== Exercise directions ==
Quote the entries below from the line with "Wardlow, Canada Map" through the line with "Soy Luna, Auditorio Nacional", both ends included, and only those lines.

(Beginning of Recorded information)

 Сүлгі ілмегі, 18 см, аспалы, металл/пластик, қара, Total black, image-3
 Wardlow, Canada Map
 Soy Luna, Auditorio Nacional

(End of Recorded information)
(Beginning of Recorded information)

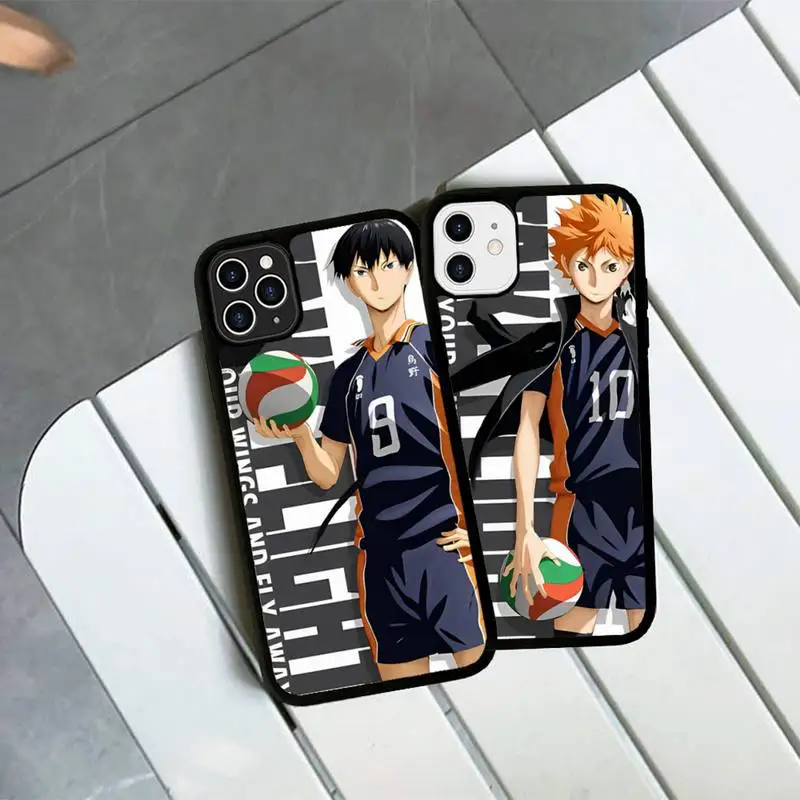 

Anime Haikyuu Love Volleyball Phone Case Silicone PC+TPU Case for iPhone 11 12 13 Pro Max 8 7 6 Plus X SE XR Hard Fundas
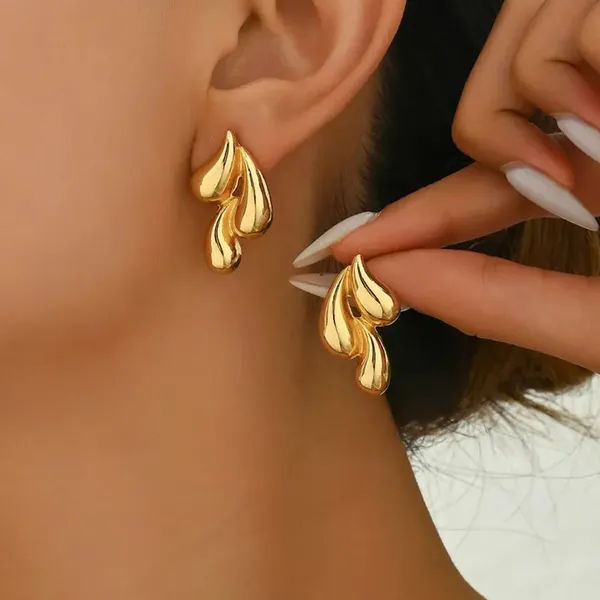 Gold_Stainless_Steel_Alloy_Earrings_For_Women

(End of Recorded information)
(Beginning of Recorded information)

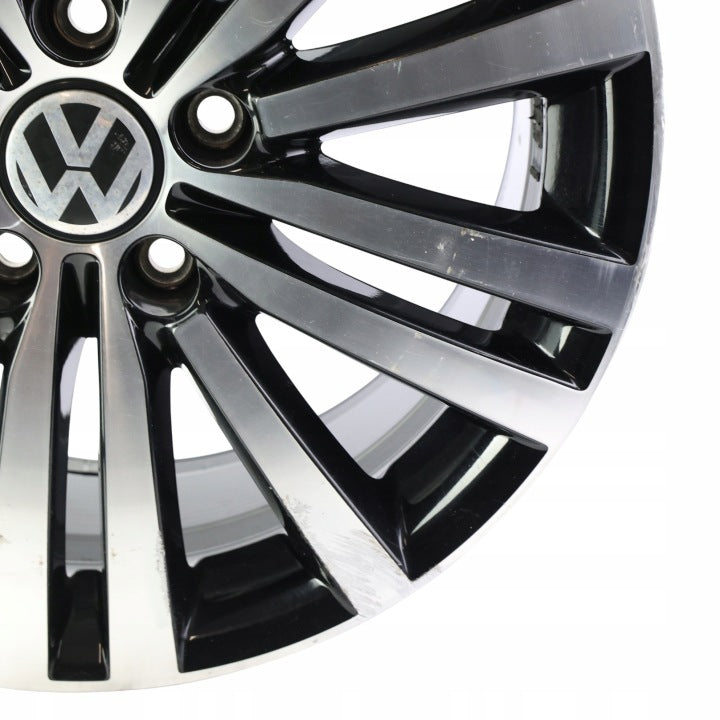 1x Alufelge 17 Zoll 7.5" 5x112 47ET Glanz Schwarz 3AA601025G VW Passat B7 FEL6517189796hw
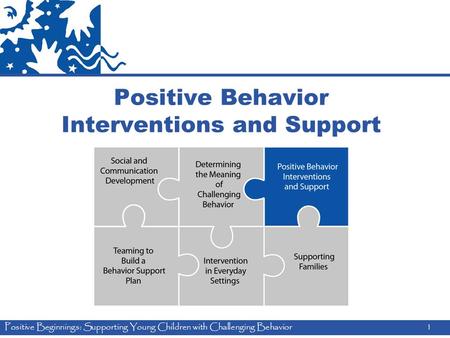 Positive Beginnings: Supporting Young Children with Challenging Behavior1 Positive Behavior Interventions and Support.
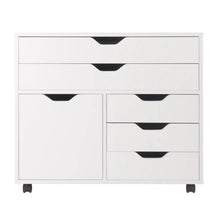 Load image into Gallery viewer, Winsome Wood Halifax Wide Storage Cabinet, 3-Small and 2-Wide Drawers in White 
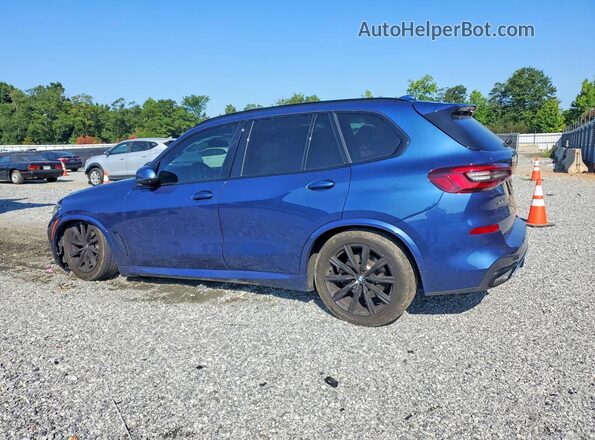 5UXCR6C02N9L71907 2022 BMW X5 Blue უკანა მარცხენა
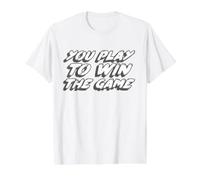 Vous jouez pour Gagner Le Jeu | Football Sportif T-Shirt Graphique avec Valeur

(End of Recorded information)

== Written response ==
 Wardlow, Canada Map
 Soy Luna, Auditorio Nacional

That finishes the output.